Segment Open
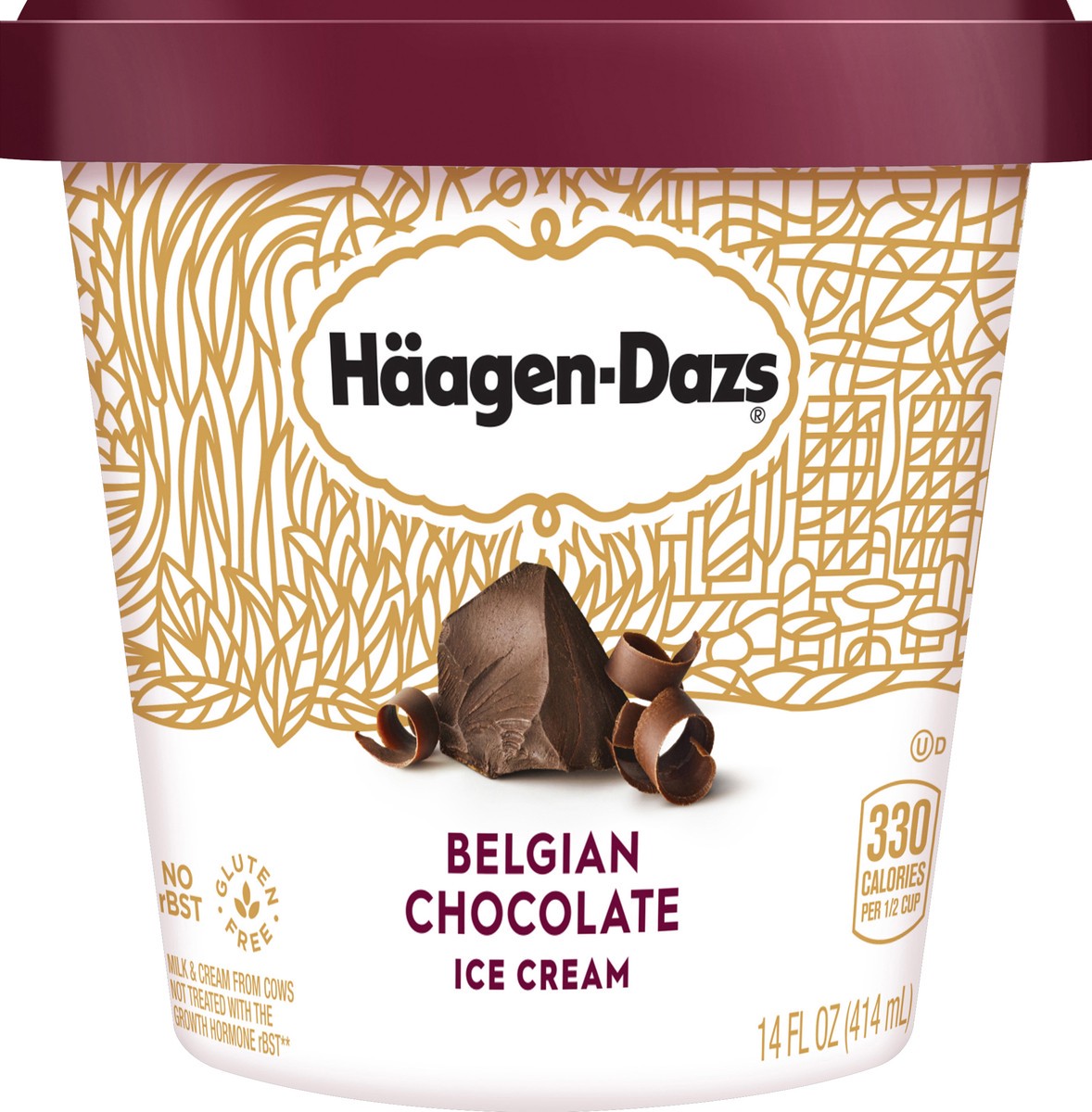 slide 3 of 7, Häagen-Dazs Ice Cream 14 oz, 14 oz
Segment Closed
Segment Open
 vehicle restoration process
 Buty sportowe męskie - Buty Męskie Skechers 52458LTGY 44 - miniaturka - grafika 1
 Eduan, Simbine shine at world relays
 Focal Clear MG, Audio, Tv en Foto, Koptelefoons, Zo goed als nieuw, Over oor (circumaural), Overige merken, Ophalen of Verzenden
Segment Closed
Segment Open
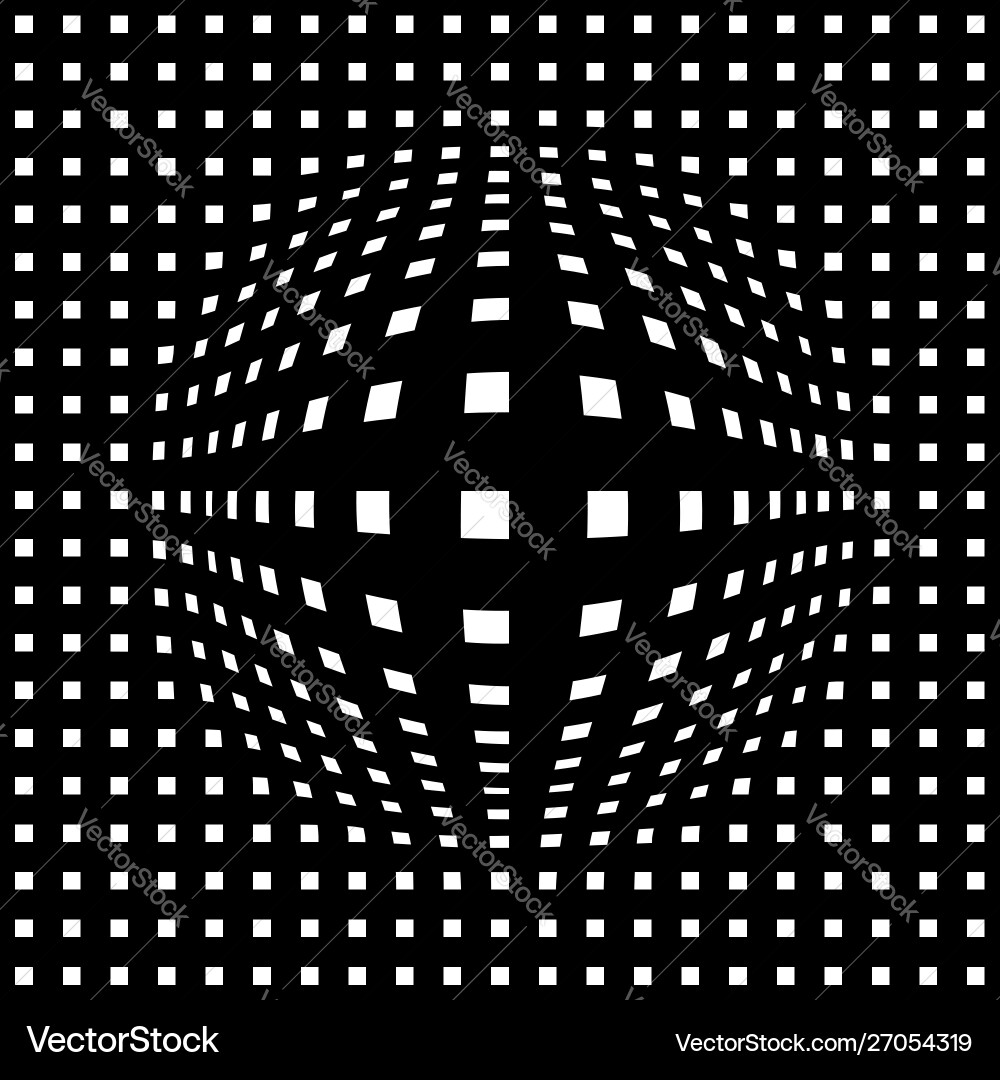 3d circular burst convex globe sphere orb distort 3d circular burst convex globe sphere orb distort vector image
Segment Closed
- _TASK PROMPT_:
An exact copy of the lines above, from the one containing "Buty sportowe męskie" through the one containing "Focal Clear MG, Audio, Tv", is the whole of the answer.

- _ANSWER SECTION_:
 Buty sportowe męskie - Buty Męskie Skechers 52458LTGY 44 - miniaturka - grafika 1
 Eduan, Simbine shine at world relays
 Focal Clear MG, Audio, Tv en Foto, Koptelefoons, Zo goed als nieuw, Over oor (circumaural), Overige merken, Ophalen of Verzenden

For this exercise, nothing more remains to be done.